___ Supplied information ___

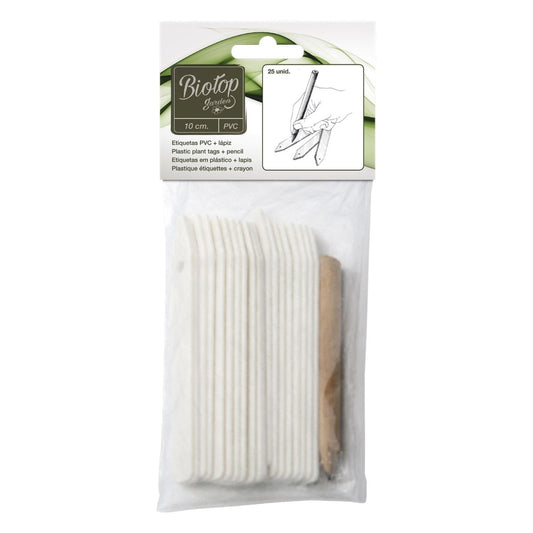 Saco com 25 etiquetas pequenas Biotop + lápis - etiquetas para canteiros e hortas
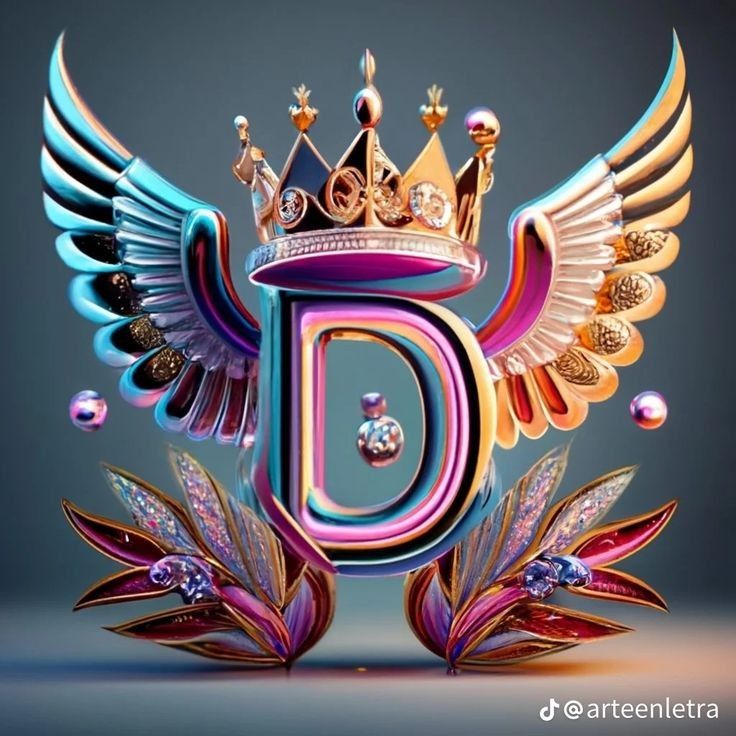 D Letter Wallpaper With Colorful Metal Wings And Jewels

___
___ Supplied information ___

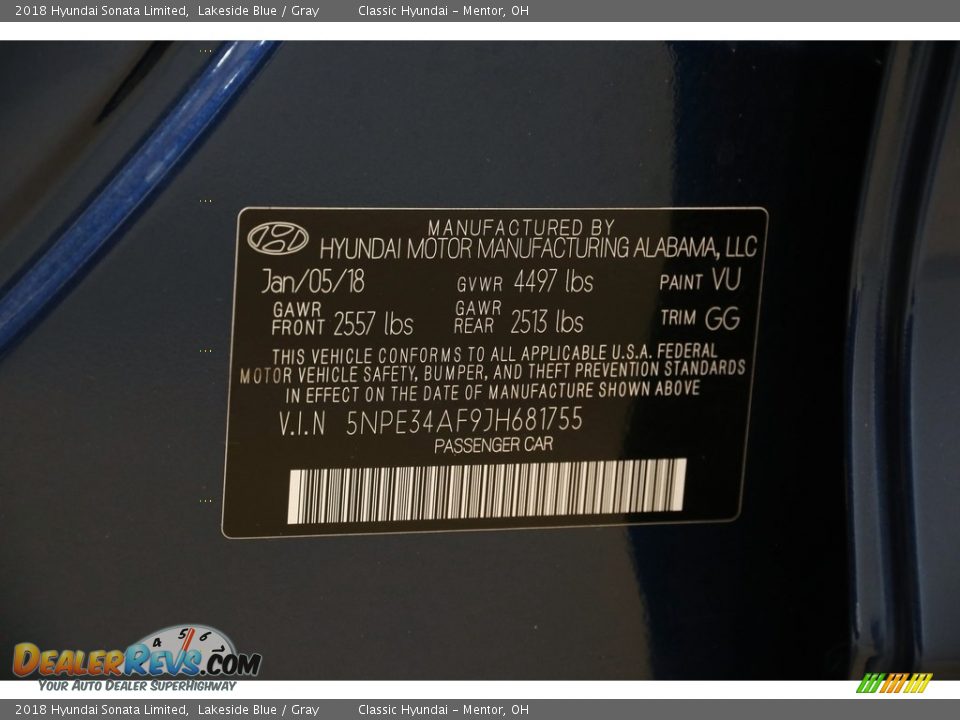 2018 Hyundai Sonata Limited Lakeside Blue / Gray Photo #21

___

Taking the material above, give again exactly the lines from the one holding "Saco com 25" through the one holding "D Letter Wallpaper", with both ends and without pictures.

 Saco com 25 etiquetas pequenas Biotop + lápis - etiquetas para canteiros e hortas
 D Letter Wallpaper With Colorful Metal Wings And Jewels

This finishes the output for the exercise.